Los estereotipos contra los que luchamos las mujeres desde pequeñas y que permanecen durante toda nuestra vida adulta son muchos y tienen mucho para discutir, convivimos con ellos diariamente, a veces de formas imperceptibles. El impacto que genera ser consideradas menos capaces, tener una apariencia por la que somos calificadas como débiles y ser relegadas a labores específicas en las que se nos considera las únicas responsables o lo único en que podemos ser buenas, afecta enormemente la participación de las niñas en todos los ámbitos, pues en general mengua su percepción sobre sí mismas y disminuye su confianza para enfrentarse a tareas que parecen complejas y que comúnmente han sido desempeñadas principalmente por hombres.

En la tecnología la situación viene exponiéndose y cambiando recientemente, la necesidad de que cada vez más personas se vinculen a esta debido a la evolución que se ha presentado en los últimos años, lo hace imprescindible, pero lastimosamente sigue siendo vista como un tema masculino, aún cuando muchas mujeres en nuestro día a día demostramos estar al mismo nivel e incluso poder hacerlo mejor.

Y entonces, ¿por qué es necesario que cada vez más niñas se apropien de las TICs? La mayoría de escenarios de los cuales hemos sido excluidas o en los cuales nos sentimos en desventaja, han sido definidos o construidos principalmente por hombres. Este sesgo ha generado que la visión femenina, las necesidades particulares que tenemos o simplemente nuestras opiniones, no hayan sido tenidas en cuenta, de ahí que en muchos espacios no nos adaptemos fácilmente y nos veamos limitadas. Es innegable que nuestra visión y perspectiva, mucho más sensible y humana, nos llevaría a aplicar prácticas, técnicas y estrategias en todos los escenarios que los hicieran más incluyentes, no solo para nosotras.

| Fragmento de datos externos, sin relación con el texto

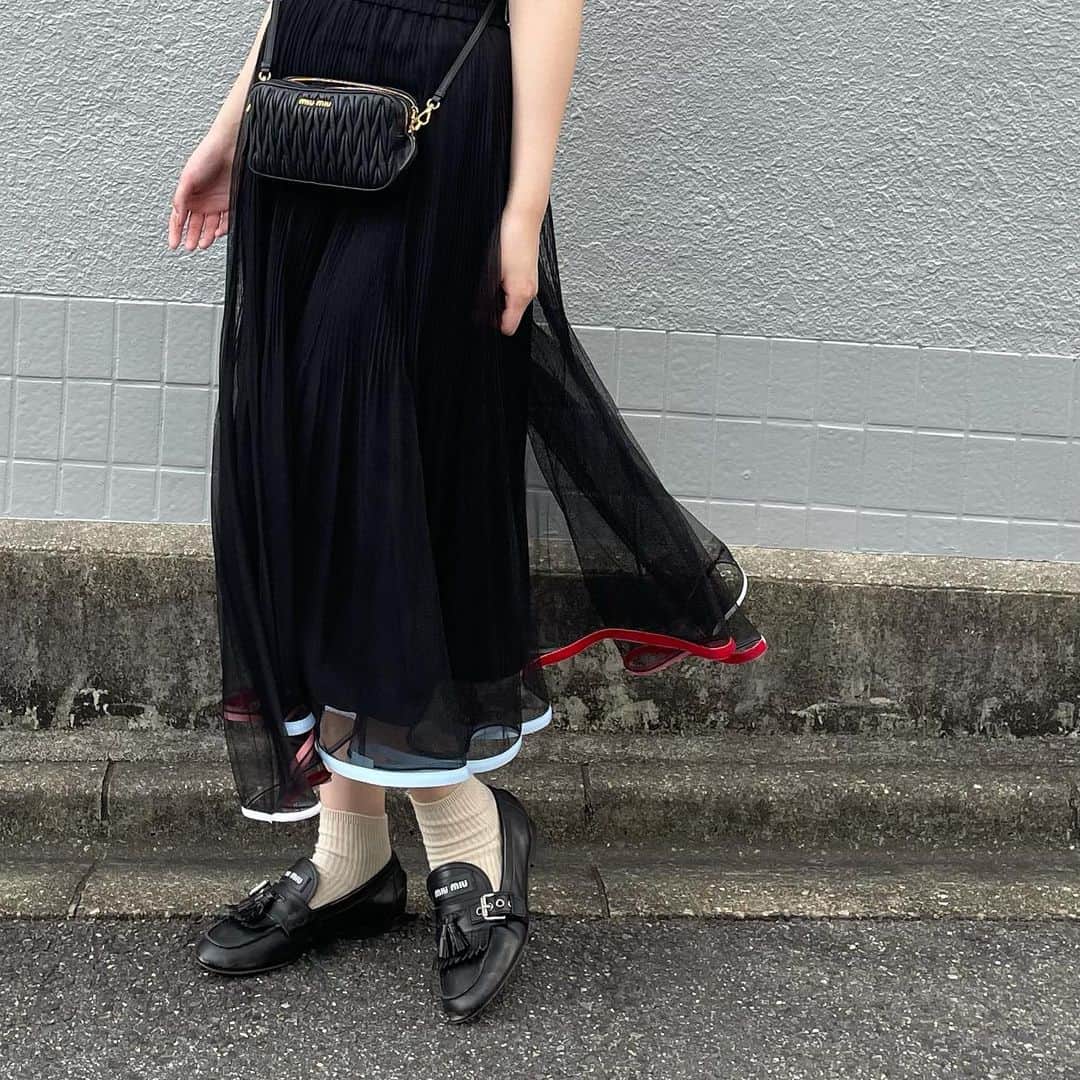 横島亜衿さんのインスタグラム写真 - (横島亜衿Instagram)「とっても可愛いスカートを履いていた日☺️🤍 美味しいシェイクも飲んでしあわせ〜」8月25日 23時40分 - _aeri_yokoshima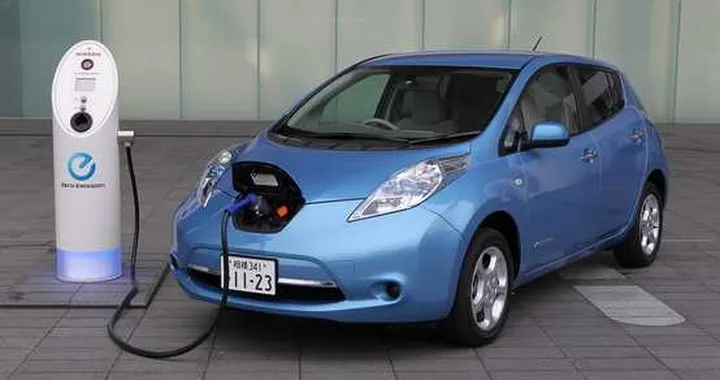 Renault-Nissan: accordo con Eni per l'auto elettrica
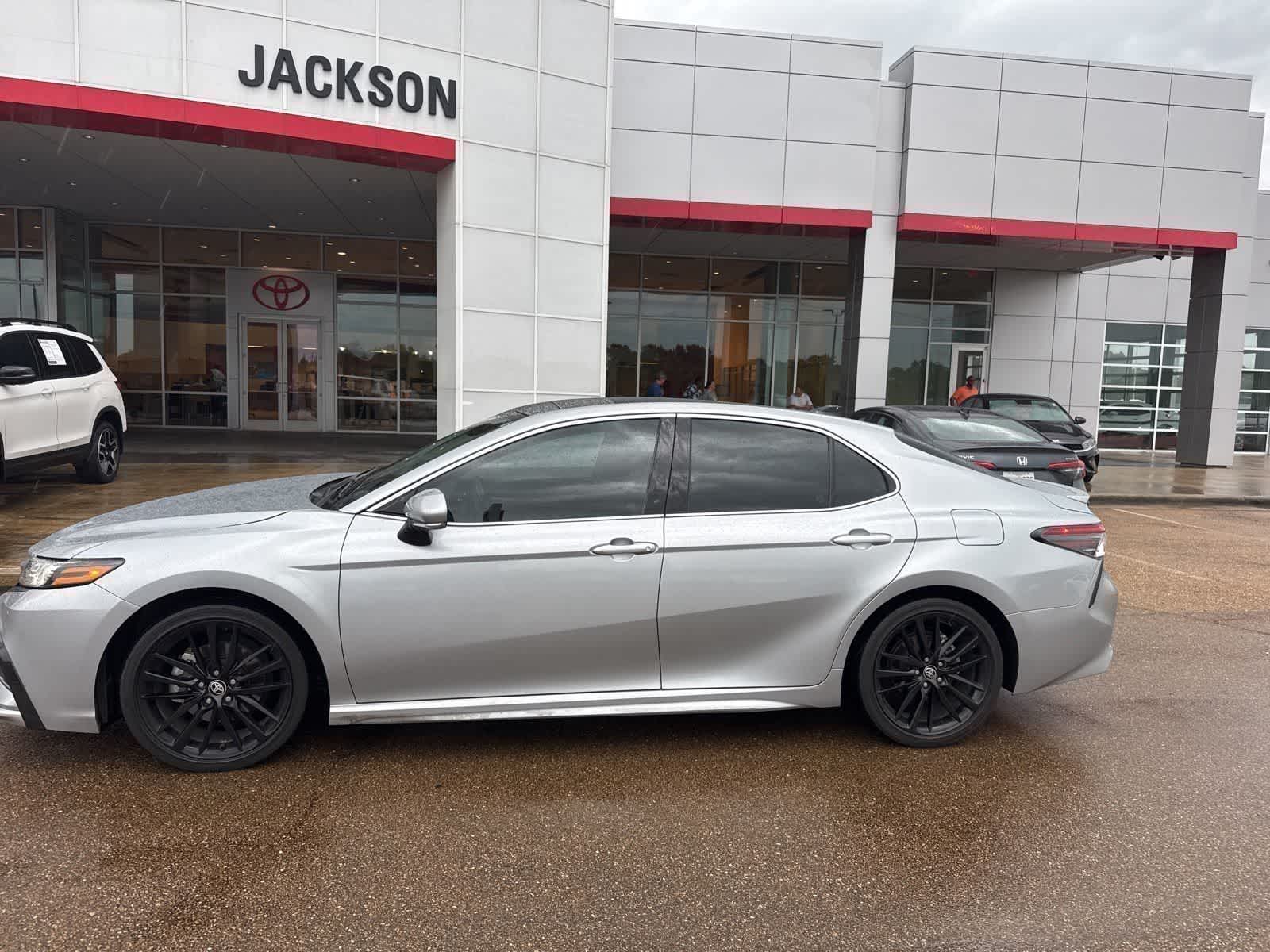 Celestial Silver Metallic 2024 Toyota Camry XSE V6 FWD Sedan Front-Wheel Drive 8-Speed Automatic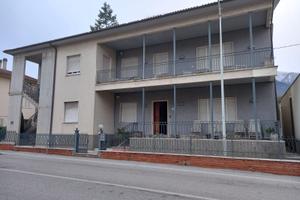 Villa bifamiliare con annesso garage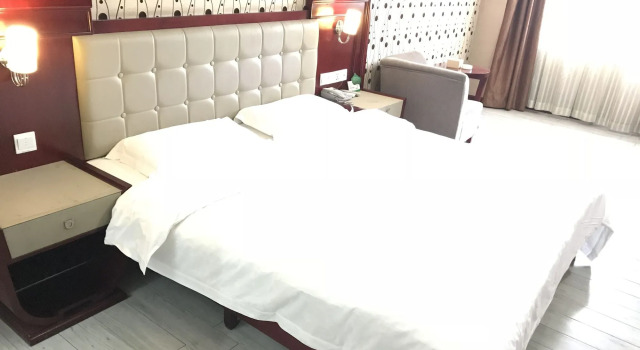 Kaiserdom Changsha South Station, Book Hotel Hoteller i Yuhua med parkering, Parkering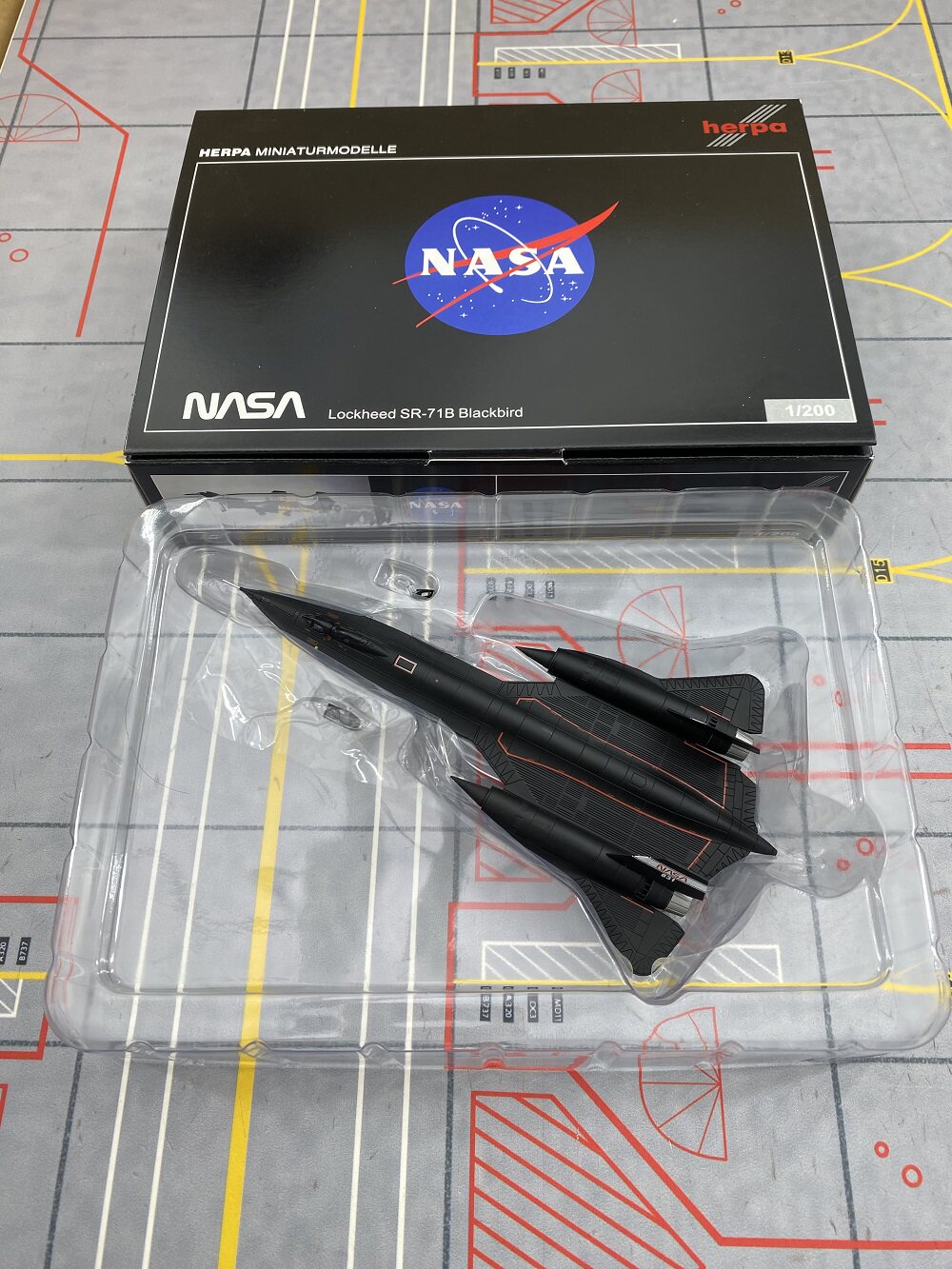 1/200 NASA SR-71B 553186 - cover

Porque ser parte del mundo de las TICs no significa únicamente consumir tecnología, significa involucrarnos en el proceso de poder crearla y mejorarla para transformar nuestro entorno.

Se necesitan más niñas que crean que son capaces de cualquier cosa, de cambiar el mundo, de llegar lejos, de liderar comunidades, pueblos y países, de ser el cambio que requerimos. Necesitamos niñas que construyan escenarios donde son tenidas en cuenta, donde su visión impacte las realidades actuales de manera significativa.

Trabajar por tratar de arreglar los problemas que ya existen en nuestras mentes tiene mucho valor, somos muchas, pero también es necesario trabajar por ser mejores padres y madres, por ser mejores docentes, mejores compañeros de trabajo, y entender que este problema no es solo de las mujeres, también de los hombres, quienes en sus diversos roles deben entender en qué cosas pueden estar fallando y ayudando a crear o incrementar el problema, pues en la medida que más personas sean conscientes de las acciones que provocan un impacto sobre el pensamiento y comportamiento de las niñas, más herramientas podremos dar a las generaciones venideras para arriesgarse a impactar el mundo, en formas que aún no imaginamos.

En Colombia

A nivel mundial muchas iniciativas trabajan por involucrar a las niñas en el ámbito de las TICs. Colombia no es indiferente, grupos de personas trabajan voluntariamente en todo el país ayudando a mitigar de diversas maneras la brecha existente.

El 24 de Agosto de 2018 se realizará en Colombia el evento Latinity 2018, en el cual se desarrollá de diferentes maneras el tema del rol de la mujer en los ámbitos tecnológicos. Ideas y escenarios como estos se traen al país por diferentes comunidades locales: Codies, Pioneras Developers, Django Girls Colombia, Joint Developers, Women Who Code, Avanet, Geek Girls, Epicqueen, entre otras.

Estos grupos formados por particulares, se convierten en ejes fundamentales para exponer y compartir tanto la situación actual en Latinoamérica como el crear o expandir las ideas y proyectos que trabajan día a día por crecer la participación de las mujeres en este ámbito. Son escenarios para todos, hombres y mujeres, que desean involucrarse y participar en ideación de nuevas formas de trabajar por tener cada vez más niñas y mujeres involucradas en las TICs.